Please repeat, precisely as written, only the lines from the one containing "Strawberry Cake Red" through the last line of the records below, pictures omitted.
### DATA LISTING ###
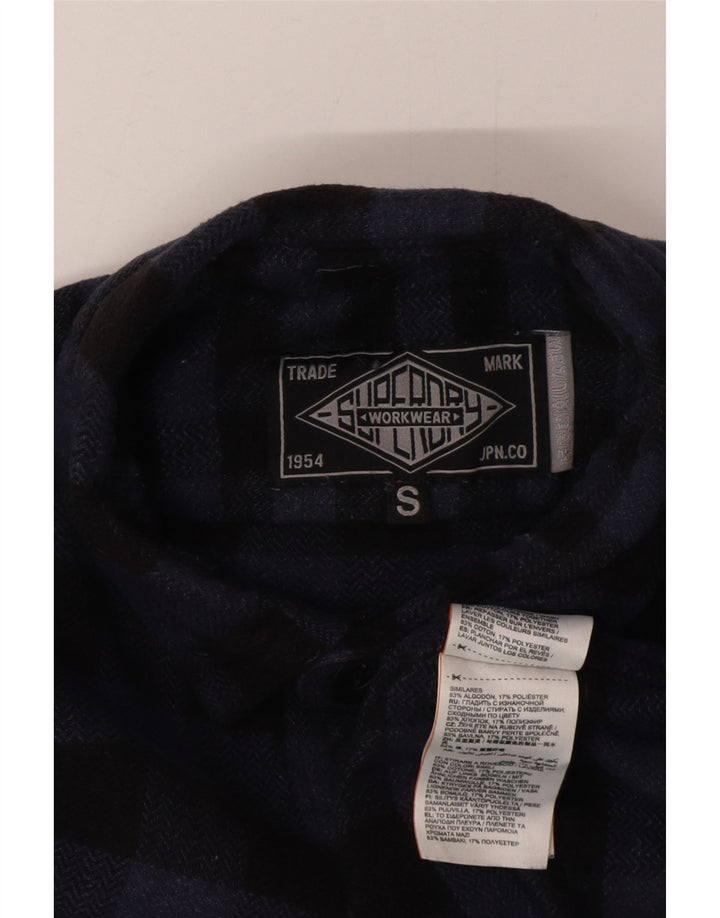 Superdry muška flanelska košulja mala tamnoplava karirana pamuk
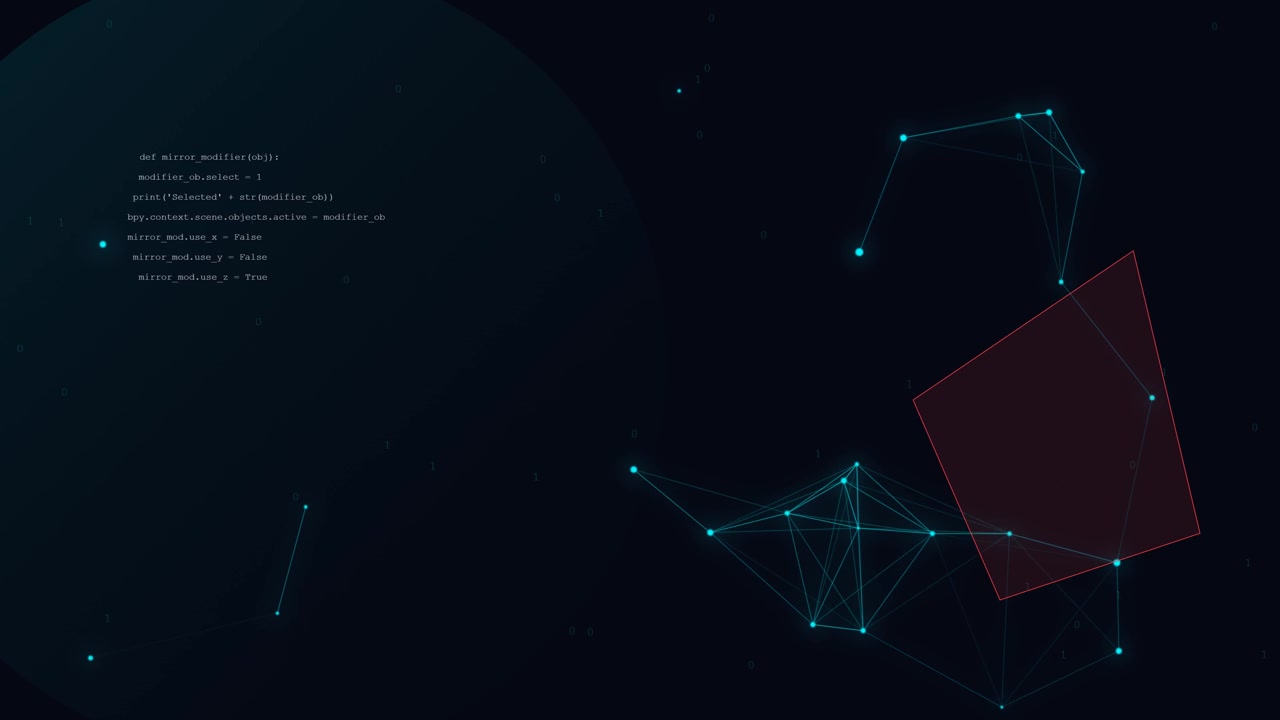 Visualizzazione astratta di rete digitale con sovrapposizione di codice Python.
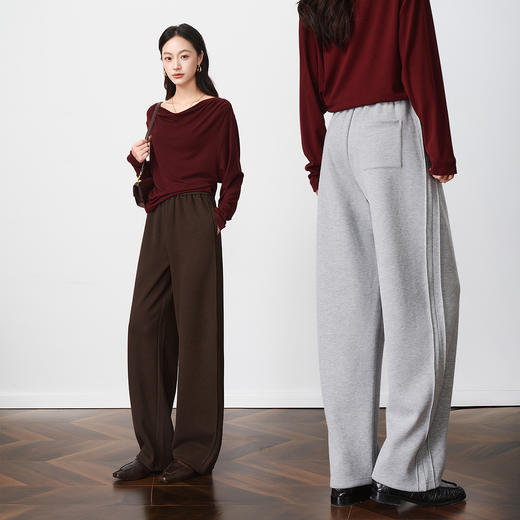 OLrain欧芮儿宽松休闲小刀裤女秋季2025新款松紧腰抽绳阔腿裤长裤 商品图3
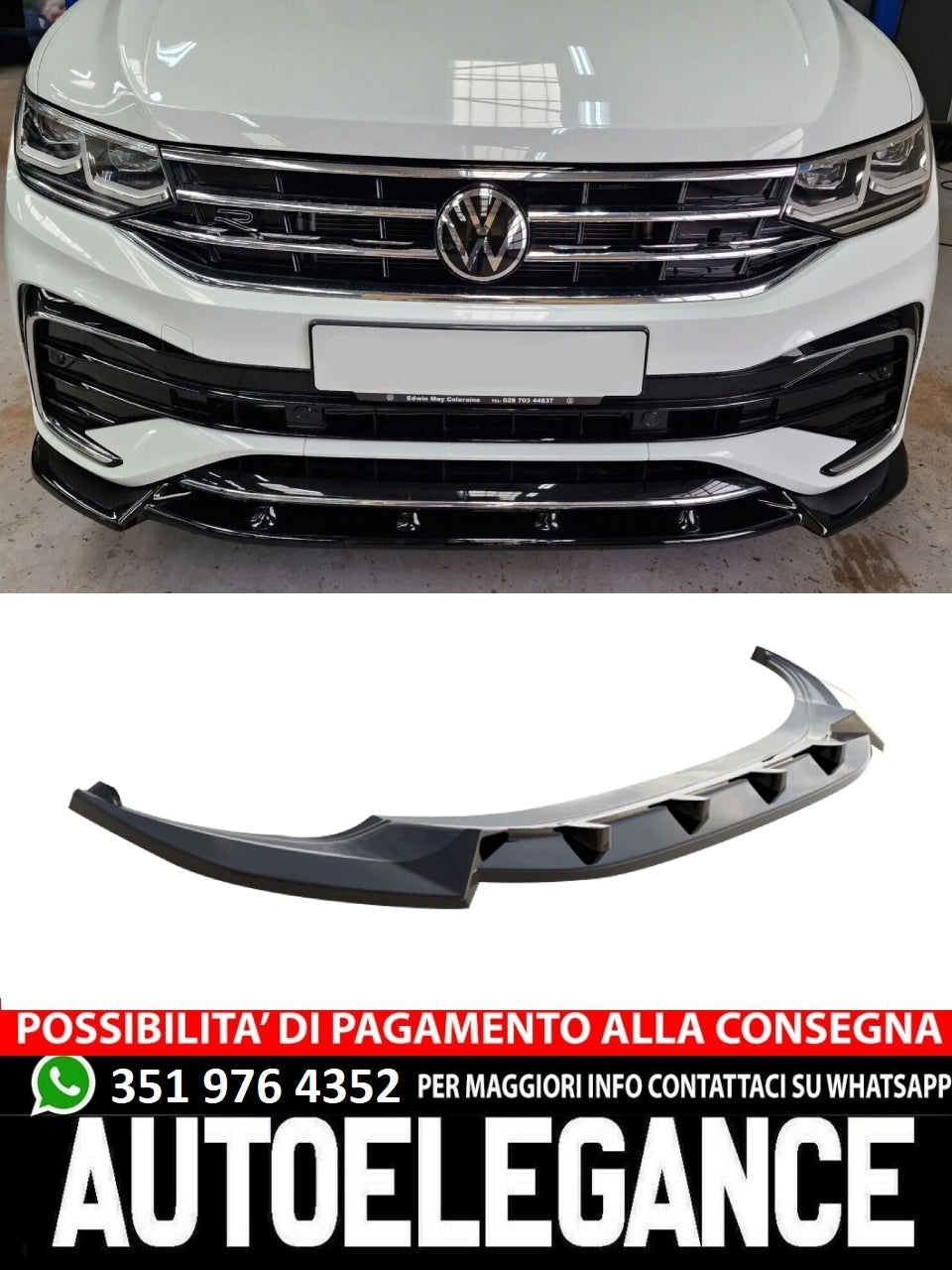 Splitter anteriore adatto per VW VOLKSWAGEN Tiguan MK2 R/R-Line Facelift 2020+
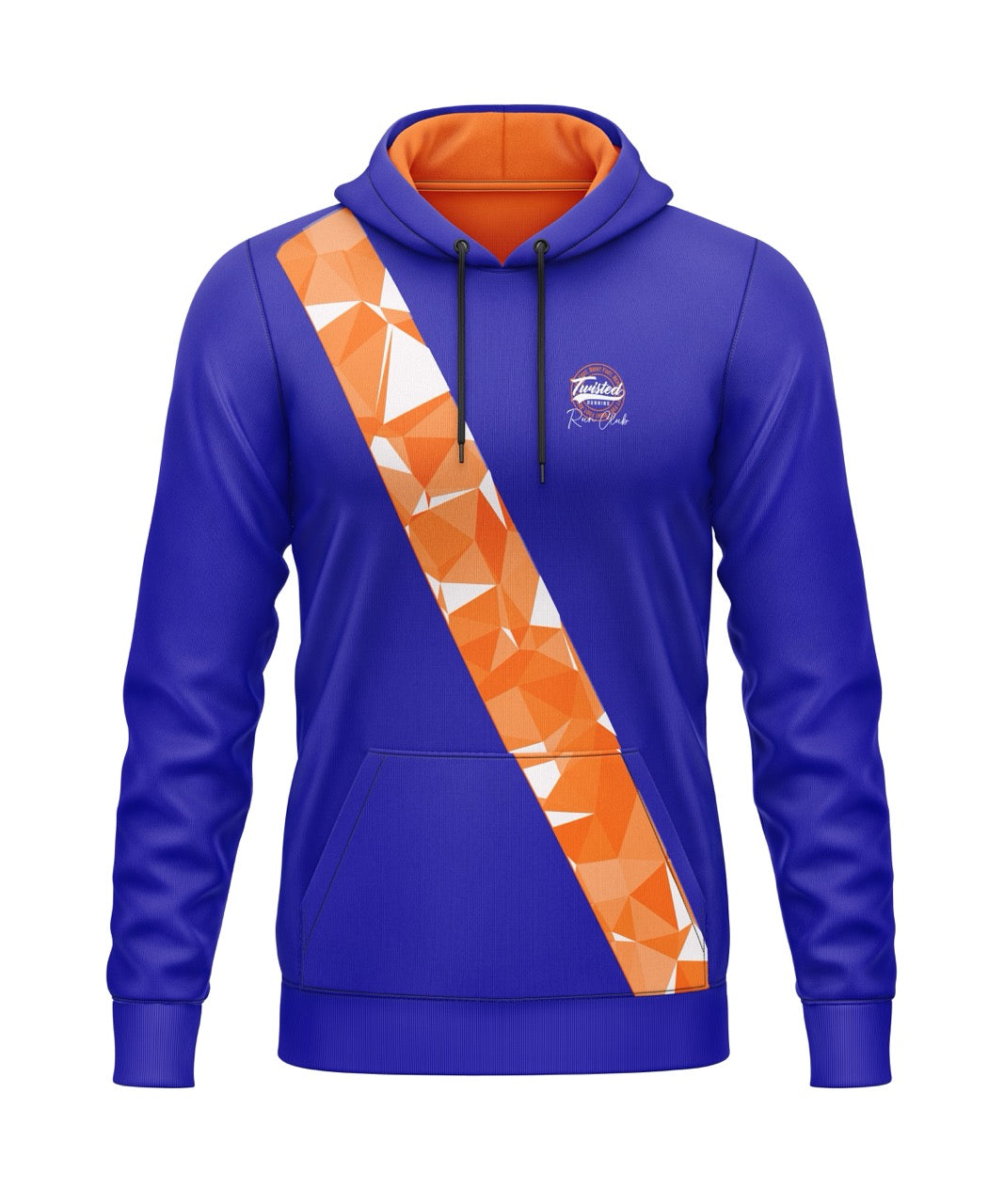 Twisted Run Club Hoodie (Polyester) - Blue/Orange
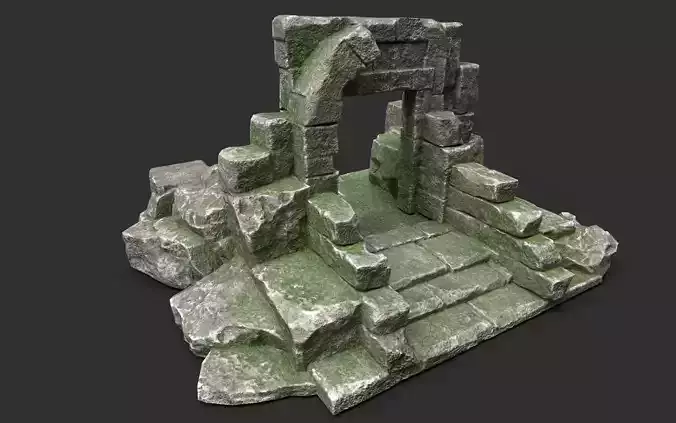 Ancient Gate Low-poly 3D model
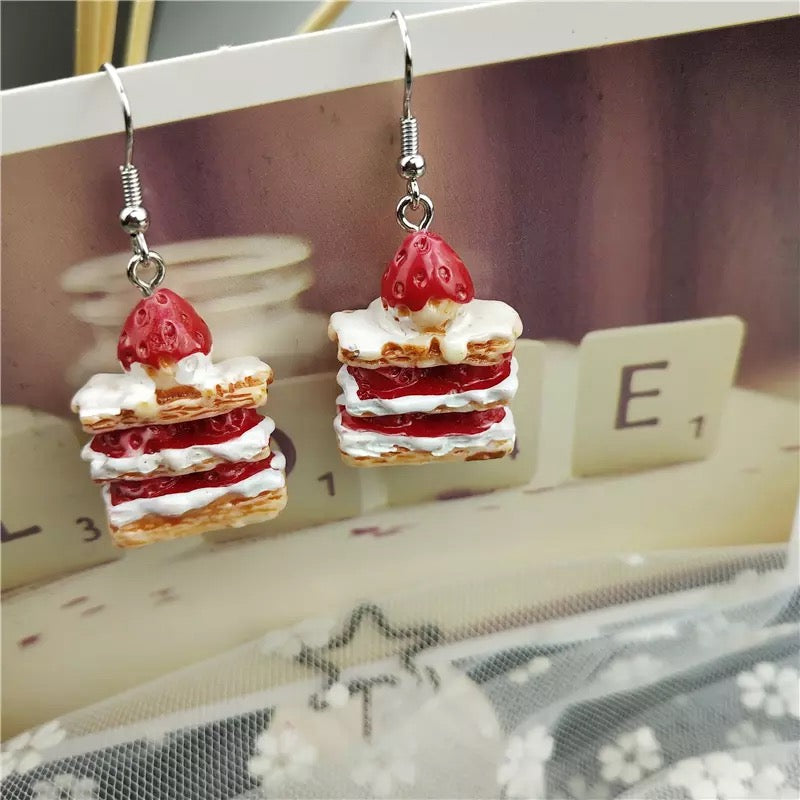 Strawberry Cake Red White Yellow Three Layers Earrings -- Happy Everyday!!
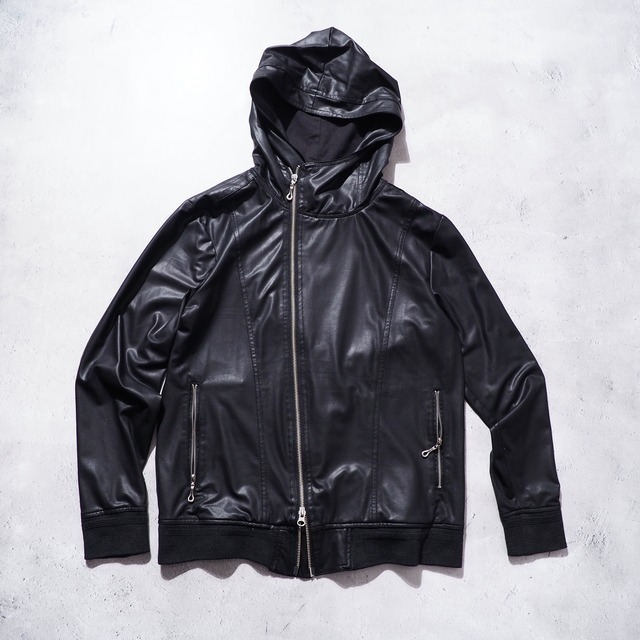 2000s Black gloss coating  Silver zip design hoodie jacket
###
● EXERCISE SOLUTION:
 Strawberry Cake Red White Yellow Three Layers Earrings -- Happy Everyday!!
 2000s Black gloss coating  Silver zip design hoodie jacket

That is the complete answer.